Johnson tweeted that the two sides had struck a “great new deal” and urged U.K. lawmakers to ratify it in a special session being held Saturday—only the first time since 1982 that British lawmakers have been at work on that day.


Juncker and Johnson then stood together at a joint news conference in Brussels to proclaim a deal, tempered by Juncker’s sadness at Britain’s departure. They said there was no need for Britain to request yet another extension to its Oct. 31 departure from the European Union.

Juncker ruled out any new delay, leaving British lawmakers with a simple choice: Deal or no deal.

“If we have a deal, we have a deal and there is no need for a prolongation,” he said.

Johnson had just tweeted the same: “This is a deal which allows us to get Brexit done and leave the EU in two weeks’ time.”

The pound hit a five-month high against the U.S. dollar on news of a Brexit deal, then sunk back as traders heard Johnson’s Northern Irish allies torpedo the party by criticizing the way the deal handles the Irish border.

Johnson needs all the support he can get to push any Brexit deal past the deeply divided Parliament and that knowledge tempered jubilation at the EU summit. The U.K. Parliament already rejected a previous Brexit deal crafted by his predecessor, Theresa May, three times.

On cue, Johnson’s political rivals at home launched a chorus of criticism that leaves the deal’s survival in doubt. Labour leader Jeremy Corbyn, Scottish First Minister Nicola Sturgeon and Brexit party leader Nigel Farage all announced they could not back the tentative deal.

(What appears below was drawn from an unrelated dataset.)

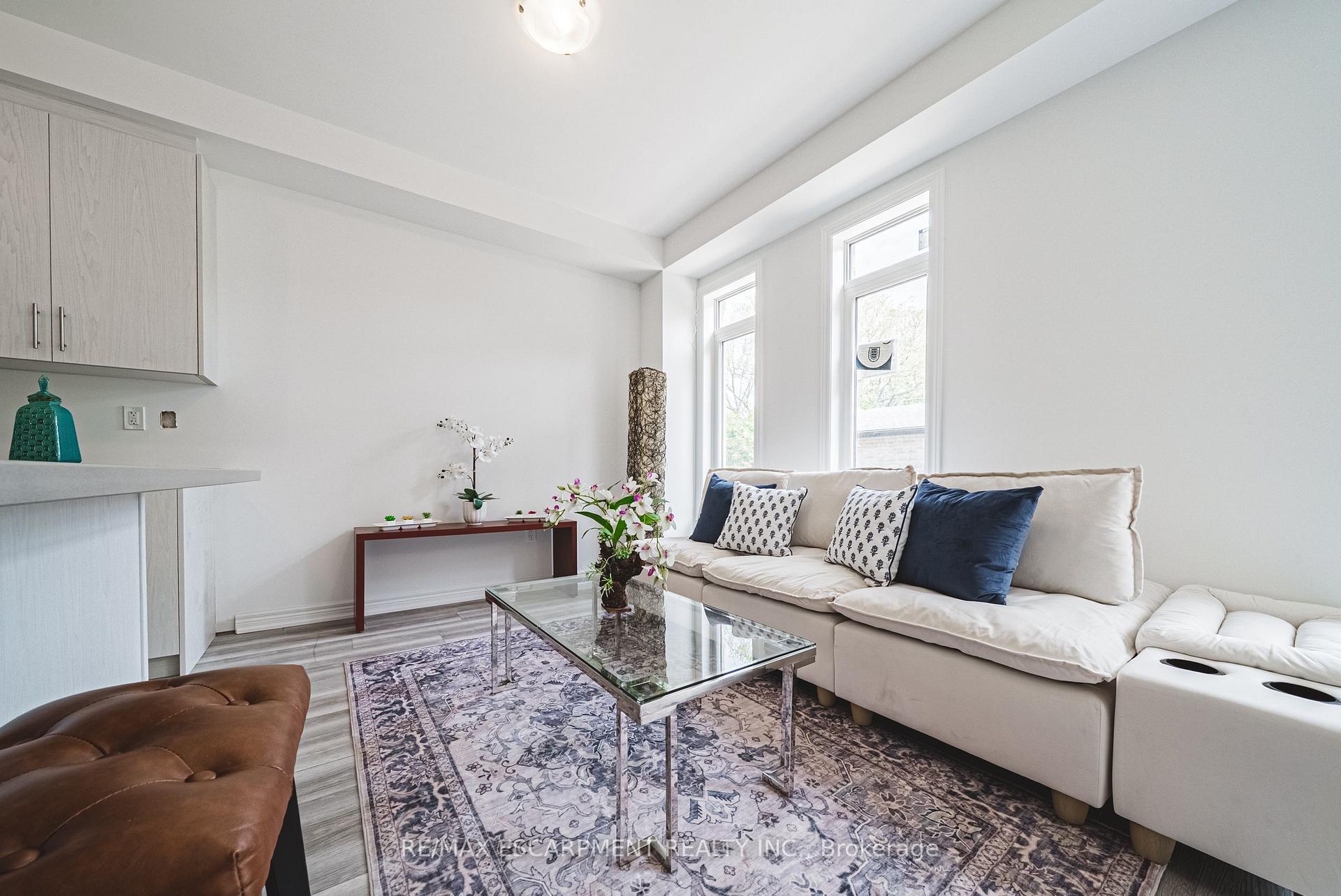 Photo 32 of 11 Davinci Boulevard, Hamilton, Carpenter — HOMEH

“It seems the prime minister has negotiated an even worse deal than Theresa May’s, which was overwhelmingly rejected,” Corbyn said.

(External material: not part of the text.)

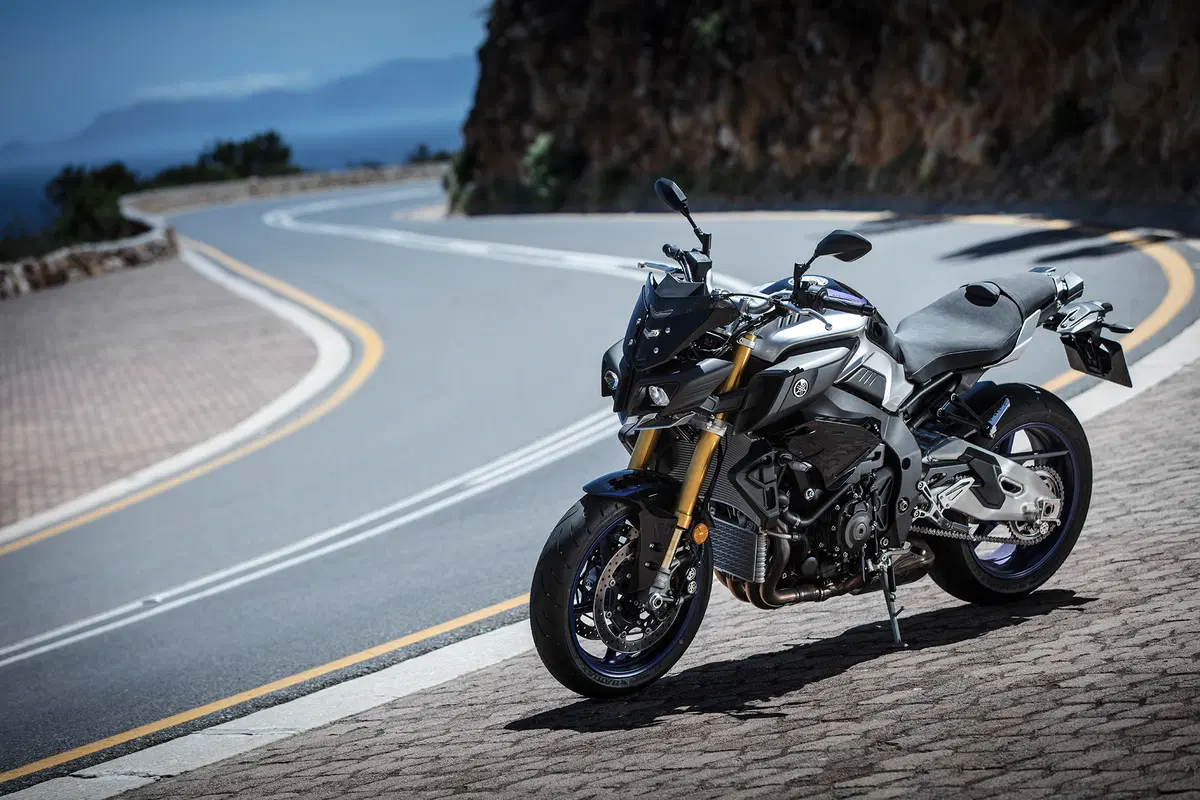 Yamaha MT-10 SP e Tourer Edition (11)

EU Brexit negotiator Michel Barnier was sanguine, having been through this scenario before.

“We have this history. That is why my mountaineering temperament keeps me careful and cautious,” said Barnier, who hails from the French Alps and organized the 1992 Olympic Winter Games there.

Barnier was in the room when the leaders called each other and said Johnson “told President Juncker this morning that he believed he was able to get the deal approved,” adding Johnson said he was “confident about his capacity to convince a majority.”

The agreement must still be formally approved by the bloc and ratified by the European Parliament.

The key hurdle to a Brexit deal was finding a way to keep goods and people flowing freely across the border between EU member Ireland and the U.K.’s Northern Ireland after Brexit. That invisible, open border has underpinned the region’s peace accord and allowed the economies of both Ireland and Northern Ireland to grow.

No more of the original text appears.